I stopped with half left and added another 150ml of SF and topped with hot water, so this was approx 200ml of foam & 800ml water. Results were a much better foam and playing with the dial on the lance found the best setting was around 1/2 to 2/3 toward '+'.

I note that anymore than 2/3-3/4 open and it empties the bottle VERY quickly, is this normal? 

I guess the art is to balance your concerntration and dial setting to get the best result? Next time I will try 250ml with 750 water and try to use a lower setting on the dial.


----------



## PJS

Yes, more + = lower ratio of water:solution.
Depending on how quickly you move around the car and distance stood from it, you're right, finding the right combination of lance setting with solution strength is what will be required.
Most tend just to whack it up to fully +, and dash round.
So long as the correct PIR is achieved, full coverage of the vehicle, and consistency of the foam, you should be getting the best result.


----------



## MaDMaXX

I found that it used a fair bit too, but after i'd messed around on one vehicle, i set it to what i thought would be good and tested it on my main car which was dry.

100ml or so of valletpro and then topped up with 800-900ml of warm water. Set dial to either max or just backed off a bit from max (see picture) and went round the car, was enough to get it all done including double dossing the wheel's/arches by the time i'd emptied the bottle. Means i don't have to mix less or have spare left over, foamed up perfectly.


----------



## Ross

300ml for a liter seems abit much to me I use around 60ml


----------



## MaDMaXX

Yeah, i'm using 100ml making up the litre, but i'm going to try the recommended 40-50ml in the litre as i know it uses that much on the car in one go now.


----------



## _daveR

RosswithaOCD said:


> 300ml for a liter seems abit much to me I use around 60ml


What sort of foam do you end up with though? How long does it cling for?


----------



## AL_B

Hi guys,

Great thread, and thanks to the original poster for going to the effort of working this out. But I'm still scratching my head. :wall:

My BH Auto Foam arrived today and I've been trying to work out the mix ratio I'm going to need. I haven't measured the timings of my PW + Foam Lance (AB/CYC Standard Lance 500ml Red Dial) yet, but thought I'd do a template spreadsheet first.

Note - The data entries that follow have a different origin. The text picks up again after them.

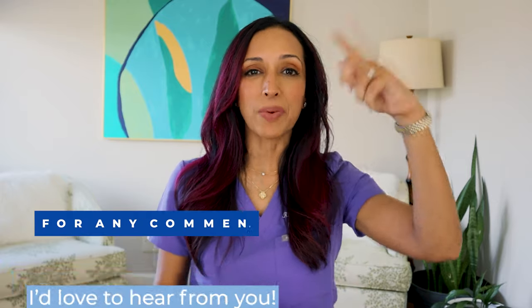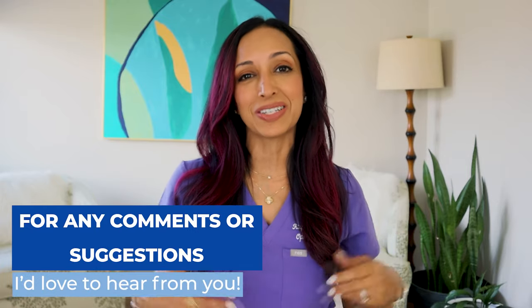Hope this video was helpful. If you are considering slugging around the eye area, or if you have any other eye makeup health or eye health topics you'd like me to address, drop them in the comments below. I'd love to talk about them. Until next time, thanks so much for watching. I'm Dr. Rupa. Bye bye.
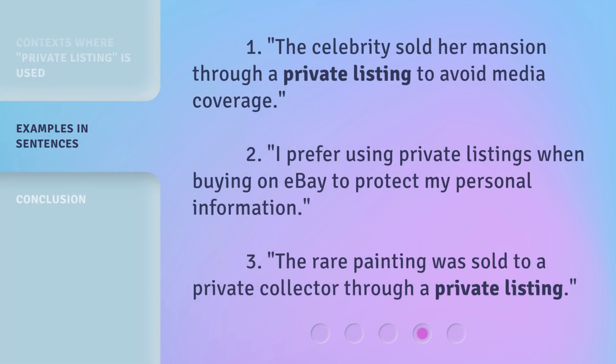Here are some example sentences: 1. The celebrity sold her mansion through a private listing to avoid media coverage. 2. I prefer using private listings when buying on eBay to protect my personal information. 3. The rare painting was sold to a private collector through a private listing.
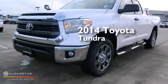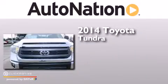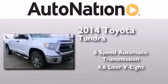This is a brand new 2014 Toyota Tundra. This truck has a six-speed automatic transmission and a 4.6 liter V8.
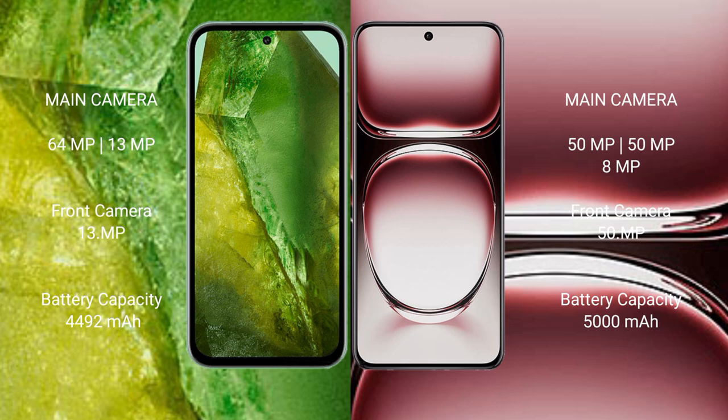Google Pixel 8a has a 4492mAh battery with 30W fast charging support. Oppo Reno 12 Pro has a 5000mAh battery with 80W fast charging support.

I'm a bit confused by some people using the product neat and some using it pre-diluted in the mix bottle.

My PW (K2.97MB) has a flow rate of 340ltr/hr or in other words 5.7ltr/min. Assuming that is constant for calculations (for my PW only, yours will be different).

Now, my foam lance has a simple dial. Lets say I set that dial to minimum. Surely at that minimum setting the lance will mix in the product from the mix bottle at a *constant* rate. Like wise, turn the dial to max, it will mix in at a *constant* maximum rate.

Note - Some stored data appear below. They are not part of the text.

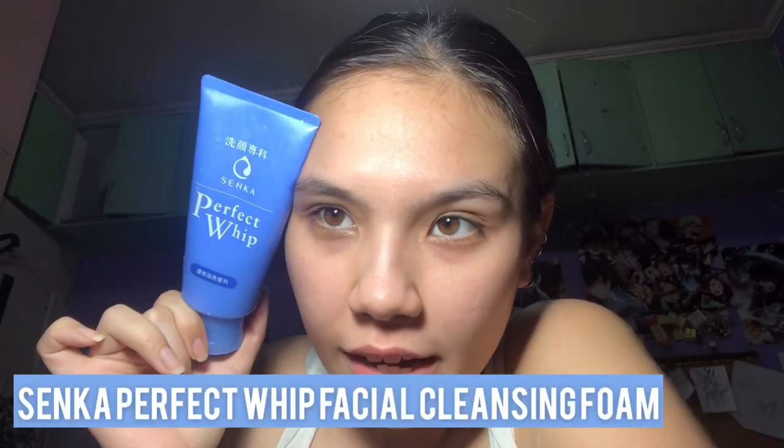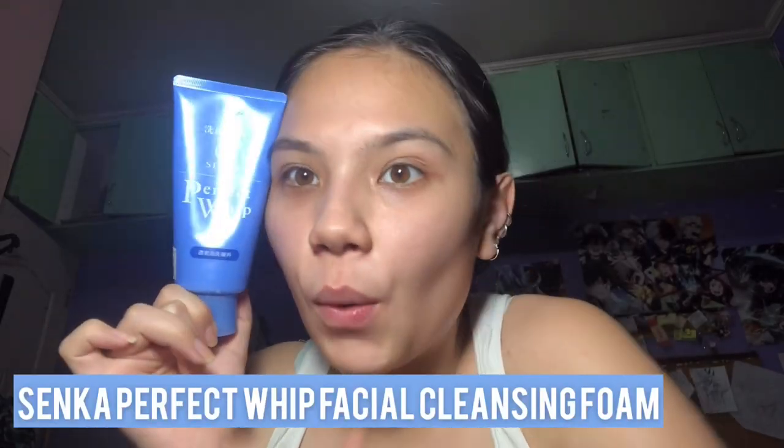Just like my morning routine, I also use the Senka cleanser at night, day and night, because I love how not-so-oily I am after using it. I've tried other cleansers where even after washing my face I still feel very oily, but with this one I don't feel that way. So I just wash my face and right after that I move on to the next step.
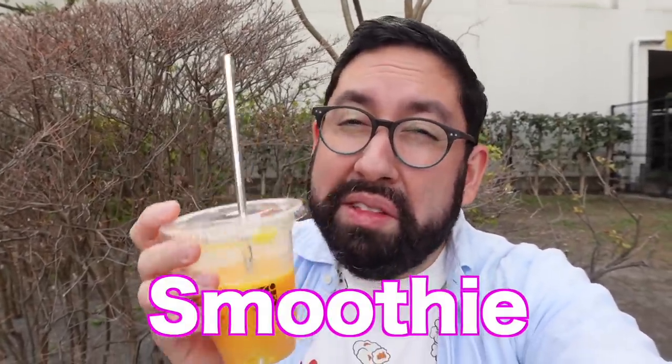Out of the smoothies I showed you, which one would you want to try? Let me know in the comments below with the keyword 'smoothie,' just so I know you watched all the way to the end. And to keep the good times rolling, I'll put another video up here where I tried the spring menu from McDonald's Japan — make sure you go watch that after this one.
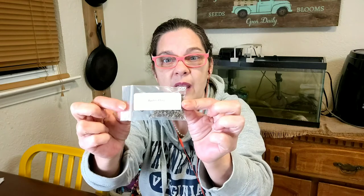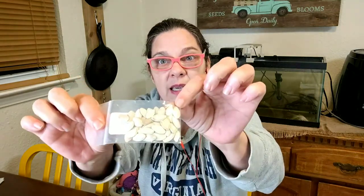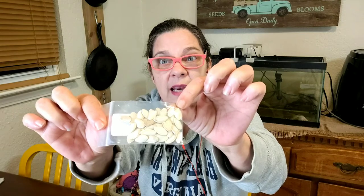Now the packages are not fancy. They're just these little Ziploc bags. There's a label that tells you what seeds are in there, but there's enough seed for my little garden to last me probably two or three seasons in each one of these packets. I mean, my goodness, look at this — this is black beauty zucchini, and I know I'd use that for three seasons.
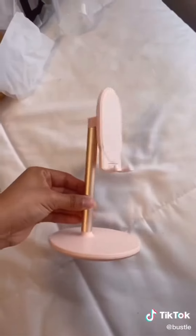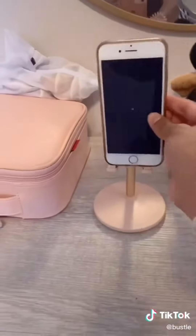Then I got this phone stand because I like to watch videos and listen to music while I get ready. It was super easy to assemble, it even tilts, and it's just super pretty. Look for part two!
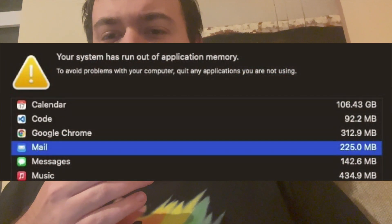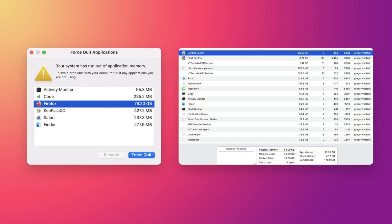Such as Firefox trying to use — wait, is that 80 gigabytes of memory? Is there even a Mac that exists that has that much RAM? I thought the most the Mac Pros could do was 64 gigabytes.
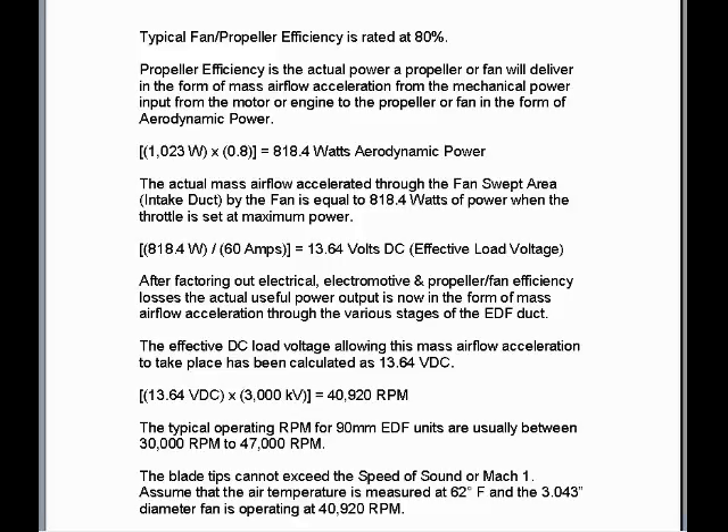After factoring out electrical, electromotive, and propeller fan efficiency losses, the actual useful power output is now in the form of mass airflow acceleration through the various stages of the EDF duct. The effective DC load voltage allowing this mass airflow acceleration to take place has been calculated as 13.64 volts DC. 13.64 volts DC times 3000kV equals 40,920 RPM. The typical operating RPM for 90mm EDF units is usually between 30,000 RPM and 47,000 RPM. The blade tips cannot exceed the speed of sound or Mach 1.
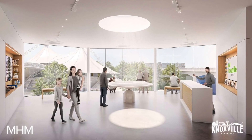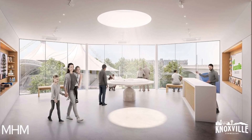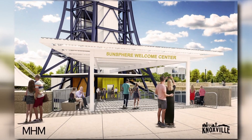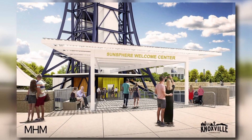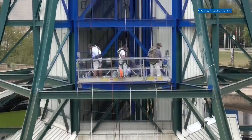The Sunsphere is getting a facelift once again. There will soon be a welcome center at the entrance on Clinch Avenue, staffed seven days a week. This is phase two of updates to the Sunsphere — the first was the painting of the base back to its original blue.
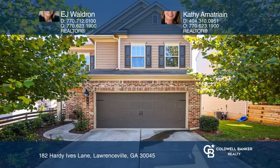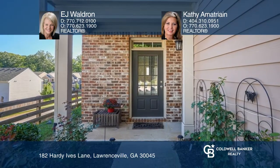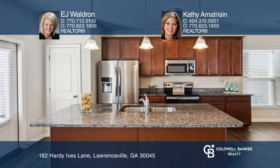This is the perfect home if you're looking for comfort and convenience. The open floor plan includes a great room and a two-story dining room. The kitchen has an island and stainless steel appliances.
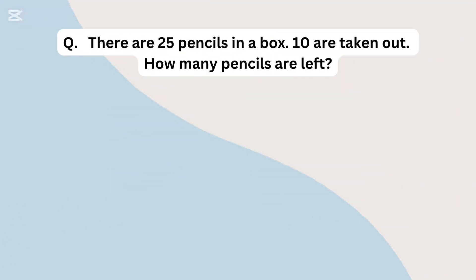There are 25 pencils in a box. 10 are taken out. How many pencils are left?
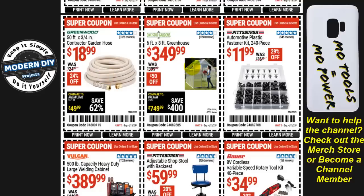A six-foot by eight-foot greenhouse is $350, $50 off. From Pittsburgh, the automotive plastic fastener kit — 240 pieces — is $12, 29% off. This is a good little kit to have on hand.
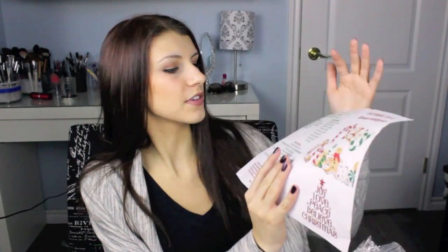So this is the Ultimate Indulgence box, and then you've got a list of everything that's here, and this month all of the gift bonuses have prices on there, and I love this! This is so cute.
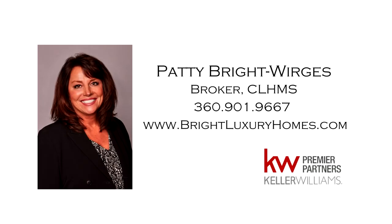This is just a preview — there's so much more for you to see. For more information or to schedule your own personal tour, please contact Patty Bright-Werges at 360-901-9667.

As shown earlier in the thread, at a given setting, you can measure how much liquid in total (water and 'pretend' foam) has been output. From that you can work out the ratio of water : product, at that setting. That ratio will be pretty much constant at that setting, do you agree?

So for example at minium, it might mix in at 2%, at max it might mix in at 8%, and in the middle it might do 4%.

I'm probably wrong here, but surely all I have to do is find out the *exact 4% position* on the lance dial, put XYZ ml of foam in the mix bottle and 'bobs-yer-uncle' 4% at the car(?). XYZ ml is irrelevant, as the mix rate is constant, it only affects how long the mix lasts. Or am I missing something here? :wall:

Cheers

AL


----------



## AL_B

Think I understand why you guys are diluting.

If set to minimum, the output rate of the pw+lance could be 6% say, that is too strong, so pre-dilute to ensure 4%. Correct?

AL


----------



## PJS

The point of the maths, is such that the total solution (the diluted mix in the bottle AND the water provided by the pw) is 4-5% (up to 8% for AB users) as it leaves the nozzle/when it hits the panel.
So, if your lance setting was a mix:water ratio of 1:10, then for every 10L of water, 1L of mix is fed into the stream of water.
Therefore, your mix solution would be 40-50% strength, which is further diluted as it's sucked up, to 4-5% total strength.
This is the right strength for AF to preserve your LSP. If you go higher, you run the likelihood of stripping/affecting the LSP such that you'll need to reapply it again.


----------



## steviewevie

This is a brilliant post, thanks !

Just did the test myself with a CYC lance and a B&Q Mac4 PW. I had to set the foam lance to max, because I tried it on min or slightly higher and it was taking an absolute age, such was the small volume of foam lance liquid that it was using (would have needed way more neat foam than would fit in a 1L foam lance bottle !).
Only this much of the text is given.